Department of Mathematical Sciences, UW-Milwaukee, Milwaukee, WI, United States of America.
Department of Mathematics and Statistics, Utah State University, Logan, UT, United States of America.
PLoS One. 2021 May 3;16(5):e0250963. doi: 10.1371/journal.pone.0250963. eCollection 2021.
Time-to-event analysis is a common occurrence in political science. In recent years, there has been an increased usage of machine learning methods in quantitative political science research. This article advocates for the implementation of machine learning duration models to assist in a sound model selection process. We provide a brief tutorial introduction to the random survival forest (RSF) algorithm and contrast it to a popular predecessor, the Cox proportional hazards model, with emphasis on methodological utility for political science researchers. We implement both methods for simulated time-to-event data and the Power-Sharing Event Dataset (PSED) to assist researchers in evaluating the merits of machine learning duration models. We provide evidence of significantly higher survival probabilities for peace agreements with 3rd party mediated design and implementation. We also detect increased survival probabilities for peace agreements that incorporate territorial power-sharing and avoid multiple rebel party signatories. Further, the RSF, a previously under-used method for analyzing political science time-to event data, provides a novel approach for ranking of peace agreement criteria importance in predicting peace agreement duration. Our findings demonstrate a scenario exhibiting the interpretability and performance of RSF for political science time-to-event data. These findings justify the robust interpretability and competitive performance of the random survival forest algorithm in numerous circumstances, in addition to promoting a diverse, holistic model-selection process for time-to-event political science data.
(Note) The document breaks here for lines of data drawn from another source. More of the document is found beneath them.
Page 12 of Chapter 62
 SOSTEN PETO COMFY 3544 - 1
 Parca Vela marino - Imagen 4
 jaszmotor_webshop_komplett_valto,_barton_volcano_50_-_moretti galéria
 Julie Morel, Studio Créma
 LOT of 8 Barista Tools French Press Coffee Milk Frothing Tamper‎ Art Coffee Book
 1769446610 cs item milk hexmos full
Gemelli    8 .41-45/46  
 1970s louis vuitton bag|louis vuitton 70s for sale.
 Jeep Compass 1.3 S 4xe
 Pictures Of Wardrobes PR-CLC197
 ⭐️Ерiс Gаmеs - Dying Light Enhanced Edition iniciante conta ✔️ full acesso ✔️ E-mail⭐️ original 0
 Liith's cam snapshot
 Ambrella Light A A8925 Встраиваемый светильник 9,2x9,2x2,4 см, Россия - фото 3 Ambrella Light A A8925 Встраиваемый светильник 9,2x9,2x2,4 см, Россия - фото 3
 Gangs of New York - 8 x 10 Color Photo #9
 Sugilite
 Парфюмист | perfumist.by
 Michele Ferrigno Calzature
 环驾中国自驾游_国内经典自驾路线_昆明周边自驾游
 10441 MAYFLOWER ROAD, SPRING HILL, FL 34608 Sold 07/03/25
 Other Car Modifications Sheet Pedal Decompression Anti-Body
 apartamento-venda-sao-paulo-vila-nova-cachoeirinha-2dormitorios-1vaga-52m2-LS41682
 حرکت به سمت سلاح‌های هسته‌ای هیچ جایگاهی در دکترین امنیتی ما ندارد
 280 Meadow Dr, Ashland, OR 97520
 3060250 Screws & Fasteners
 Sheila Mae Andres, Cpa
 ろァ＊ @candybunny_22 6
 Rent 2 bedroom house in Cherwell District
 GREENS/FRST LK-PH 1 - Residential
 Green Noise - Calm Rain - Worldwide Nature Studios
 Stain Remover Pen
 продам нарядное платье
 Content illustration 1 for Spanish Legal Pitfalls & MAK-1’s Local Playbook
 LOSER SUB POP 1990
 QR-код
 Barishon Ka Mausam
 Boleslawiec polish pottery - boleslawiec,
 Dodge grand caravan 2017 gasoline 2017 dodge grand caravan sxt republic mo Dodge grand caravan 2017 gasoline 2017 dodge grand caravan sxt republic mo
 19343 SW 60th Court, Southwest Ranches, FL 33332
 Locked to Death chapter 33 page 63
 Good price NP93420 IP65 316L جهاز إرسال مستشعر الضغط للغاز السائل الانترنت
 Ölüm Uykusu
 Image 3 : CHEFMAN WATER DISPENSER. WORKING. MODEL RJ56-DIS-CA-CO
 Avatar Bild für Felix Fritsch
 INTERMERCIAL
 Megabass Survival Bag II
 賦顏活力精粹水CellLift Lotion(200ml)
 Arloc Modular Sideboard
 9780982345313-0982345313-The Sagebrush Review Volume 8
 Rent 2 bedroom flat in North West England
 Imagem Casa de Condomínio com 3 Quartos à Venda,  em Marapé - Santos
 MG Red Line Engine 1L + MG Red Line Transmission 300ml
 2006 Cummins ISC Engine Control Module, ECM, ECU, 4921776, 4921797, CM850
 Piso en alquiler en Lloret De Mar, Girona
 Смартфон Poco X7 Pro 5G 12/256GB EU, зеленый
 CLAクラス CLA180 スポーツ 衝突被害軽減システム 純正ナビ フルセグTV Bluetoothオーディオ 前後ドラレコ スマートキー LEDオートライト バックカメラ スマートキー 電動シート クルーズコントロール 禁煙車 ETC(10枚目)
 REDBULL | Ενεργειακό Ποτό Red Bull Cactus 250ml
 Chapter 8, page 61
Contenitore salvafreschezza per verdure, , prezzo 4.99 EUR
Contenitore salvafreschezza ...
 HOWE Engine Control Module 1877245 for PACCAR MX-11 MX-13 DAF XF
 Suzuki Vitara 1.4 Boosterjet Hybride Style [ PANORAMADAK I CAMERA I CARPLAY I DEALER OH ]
时间事件分析在政治学中很常见。近年来,机器学习方法在定量政治学研究中得到了越来越多的应用。本文主张在合理的模型选择过程中实施机器学习生存模型。我们提供了一个随机生存森林(RSF)算法的简要教程介绍,并将其与流行的前身——Cox 比例风险模型进行了对比,重点介绍了其对政治学研究人员的方法学实用性。我们对模拟时间事件数据和权力共享事件数据集(PSED)实施了这两种方法,以帮助研究人员评估机器学习生存模型的优点。我们提供了证据表明,有第三方调解设计和实施的和平协议具有更高的生存概率。我们还发现,纳入领土权力共享并避免多个叛乱方签署方的和平协议具有更高的生存概率。此外,RSF 是一种以前在分析政治学时间事件数据中使用较少的方法,它为根据和平协议持续时间预测和平协议标准重要性的排名提供了一种新方法。我们的研究结果展示了 RSF 对政治学时间事件数据的可解释性和性能的情景。这些发现证明了随机生存森林算法在许多情况下具有强大的可解释性和竞争力,此外还促进了时间事件政治学数据的多样化、整体模型选择过程。